The upcoming SBS documentary Scarlet Road follows sex worker Rachel Wotton and her relationships with her disabled clients. SBS

Health care, fair trials and education are things we readily accept as human rights.

Unlike fresh air and food, we can actually live without school or a due process trial for a whole lot longer than without water, but of course, nobody is willing to give these things up. These aren’t rights as essential as peaceful protesting and voting and living without enslavement.

Sex should be included on this list. It is every bit as important as the right to practice one’s chosen religion or to not be discriminated against. It should be included on this list because, like religion, nobody should be forced to participate, but similarly, nobody should be denied access either.

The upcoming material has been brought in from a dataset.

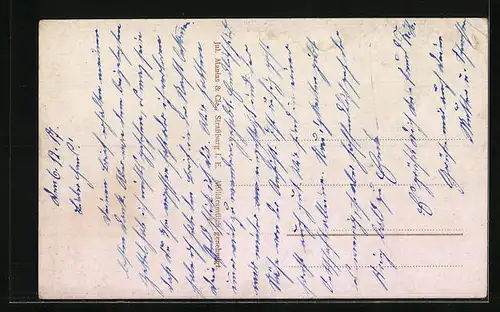 AK Morschingen i. L., Ansicht der Ulanenkaserne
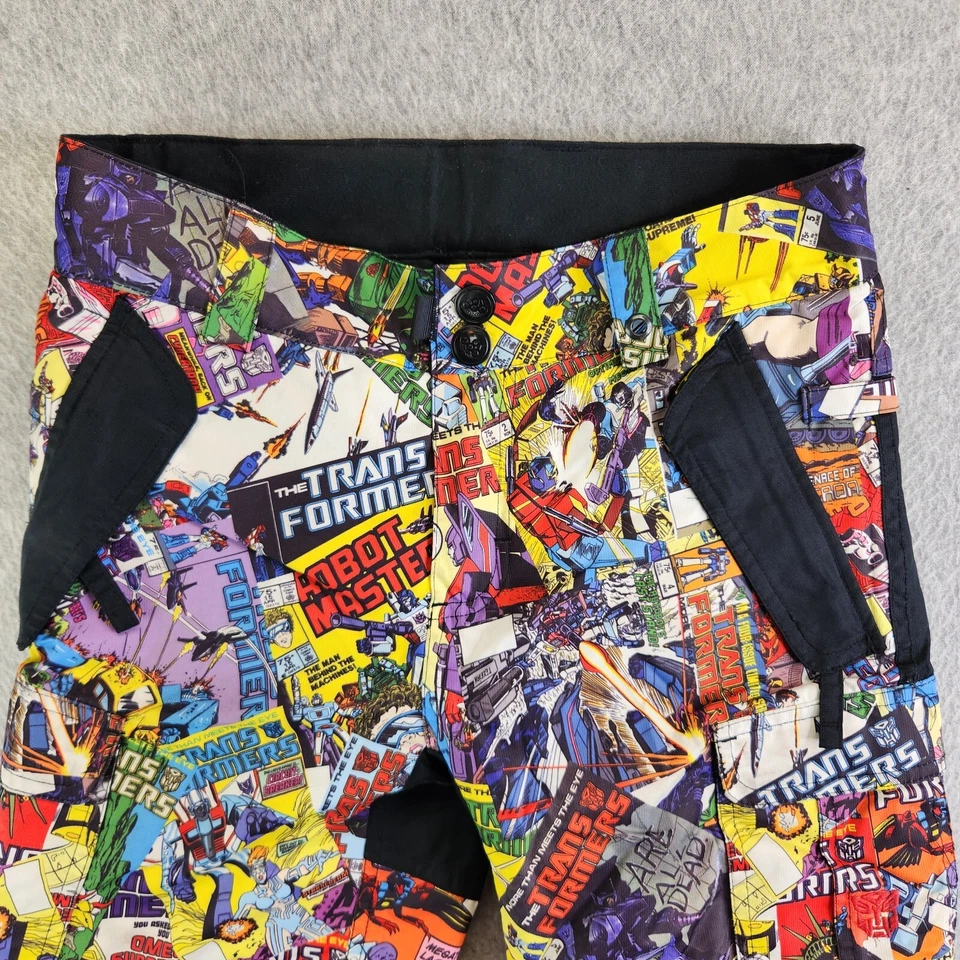 686 Pantalones de Nieve Juveniles M Estampado Transformers Impermeable Esquí Snowboard Evolution Foto 2 de 4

Such a suggestion is of course, highly controversial as the new SBS documentary Scarlet Road testifies.

Thinking of sex as a human right, of touch, of pleasure, of orgasm as a human right and our concept of rights get blurry; our passion and advocacy for rights becomes much less fervent when we need to initiate dialogue about arousal and pleasure and satisfaction.

Sex might be nice, it might even be wonderful, but survival is possible without it, wants aren’t the same as needs and social mores dictate that right-status is rarely granted to something with so many caveats attached.

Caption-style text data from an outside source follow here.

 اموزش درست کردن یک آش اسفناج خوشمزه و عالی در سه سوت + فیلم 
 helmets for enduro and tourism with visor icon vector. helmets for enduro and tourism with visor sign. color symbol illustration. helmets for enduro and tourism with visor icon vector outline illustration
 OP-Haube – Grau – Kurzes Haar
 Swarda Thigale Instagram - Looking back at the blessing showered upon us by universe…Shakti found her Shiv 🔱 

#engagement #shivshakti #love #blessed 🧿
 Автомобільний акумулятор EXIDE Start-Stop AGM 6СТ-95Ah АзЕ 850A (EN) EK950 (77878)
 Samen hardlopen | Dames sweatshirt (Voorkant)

Ours is not a culture where sex can be had with whomever we please whenever want, and thus considering sex as a human right would be a complicated assertion.

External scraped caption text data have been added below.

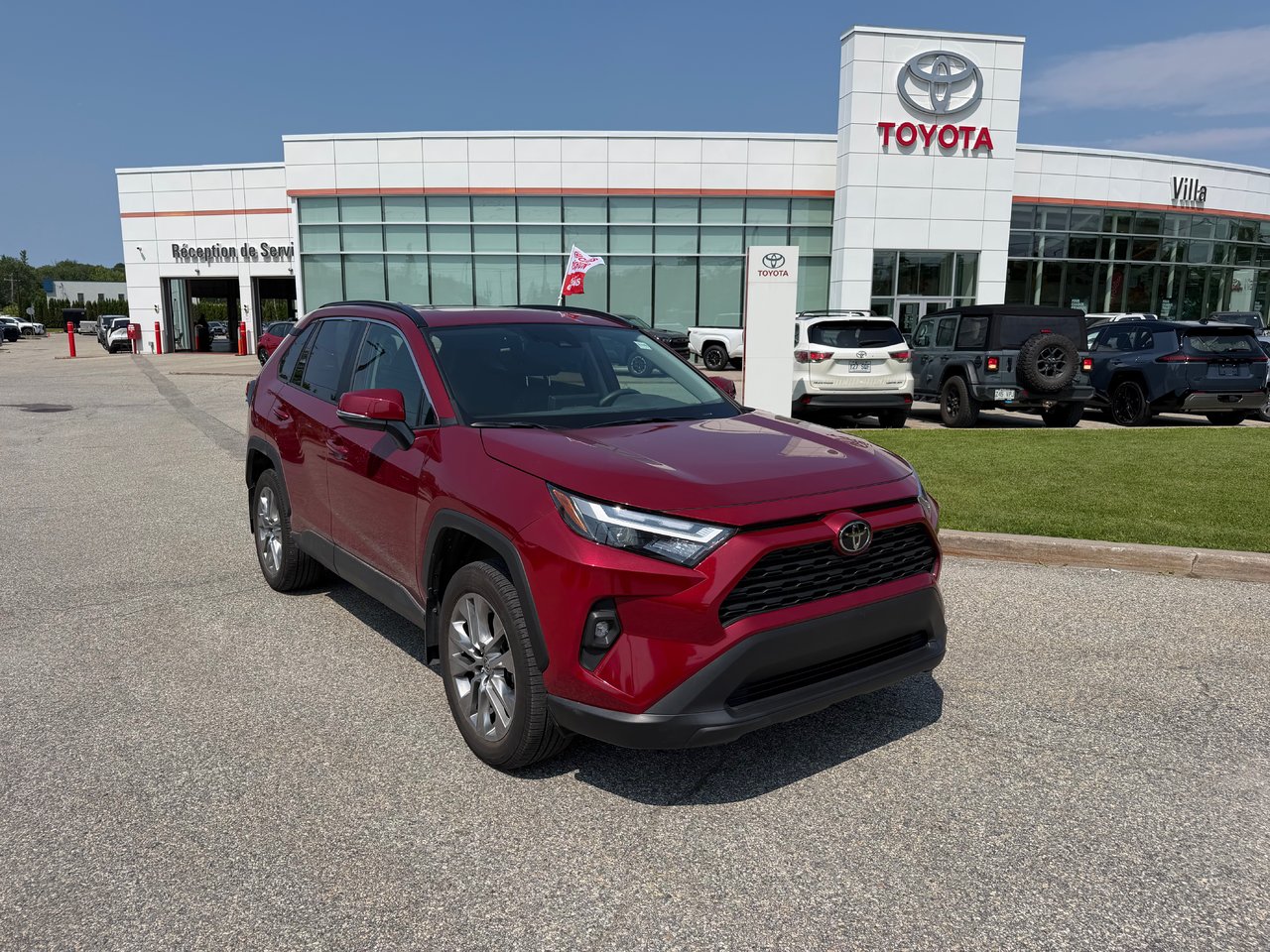 Red 2024 Toyota RAV4 SUV / Crossover All-Wheel Drive Automatic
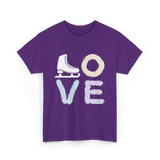 Love Ice Skate Figure Skating T-Shirt - Purple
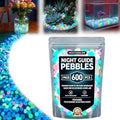Colorful Glow-in-The-Dark Garden Stones, 2026 New Stepping Stone Kit, Night Guide Pebbles, Luminous Glow Stones for Outdoor, Glow Rocks for Landscaping (Colorful,600 Pcs) by Unknown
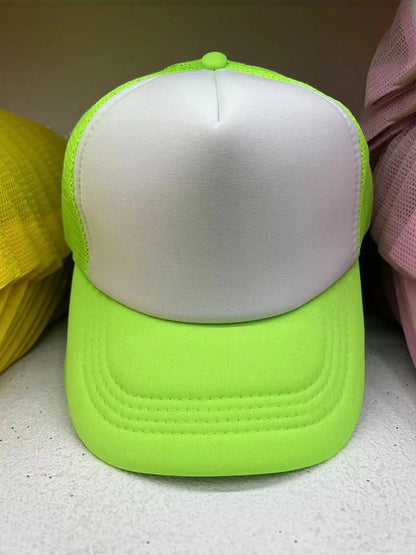 Gorra Trucker de Malla de 5 Paneles con Logotipo Personalizado – Gorra de Béisbol Ajustable para Hombres y Mujeres, Equipos Deportivos y Uso al Aire Libre en Verano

I’m not going to place sex in the same category as food or water, obviously no one will die without it. But people won’t die without property rights or breached privacy either, and we still consider these as fundamental.

I am instead, going to contend that for many people a quality life necessitates sexual contact and that just as access to public transport for the disabled, or postal services for the geographically isolated are crucial in a civilised, compassionate society, that access to sex needs to be considered just as important as other rights. I’m similarly going to argue that feeling uncomfortable talking about a topic is never reason enough to shelve it.

Before defending sex work services for the disabled, for the elderly, for the lonely, the kinky and the just plain horny, I will acknowledge that considering sex as a right raises some very obvious concerns related to consent and sex provision; concerns which I will of course, repudiate, but which need tabling nevertheless.

Considering sex as a human right, potentially offers justification for rape: it could be contended, for example, that a man was simply partaking of his marital rights; that a woman was just exercising her right to orgasm. The exercising of such rights, potentially opens up a Pandora’s box of legal defenses: rampant horniness suddenly sounds legitimate rather than tabloid laughable.

Is sex a human right? It isn’t as simple as saying yes … or no. SBS

Similarly, to contend that a person has a right to sexual conduct implies that for those not in a relationship or without ready access to a willing partner, that a partner must be supplied; that people need to be provided to service this right.

These are both valid concerns, but concerns which are easily mitigated by that fabulous liberal dictum of choice. Sex may be a right, but like free speech, it cannot be exercised at the expense of others: you cannot force people to listen to your ramblings and you can’t force another person to have sex with you.

Similarly, while considering sex as a right provides justification for the sex industry, nobody should be forced to work in it; those who choose to need to be financially compensated - as in any other service industry - and those who don’t need to be offered protection.

Our culture readily accepts the outsourcing of all kinds of domestic services. We happily have our dogs walked, our lawns mowed, or shirts laundered all by people we don’t have breakfast with nor buy a card for on Valentine’s Day; our busy lives are readily propped up by the physical labour of others.

Sex has to be thought of in this way. No, maybe it’s not a romantic assertion, and perhaps not a politically correct one either, but pretending that sex is always about lovemaking and declarations of devotion is a naïve and discriminatory contention.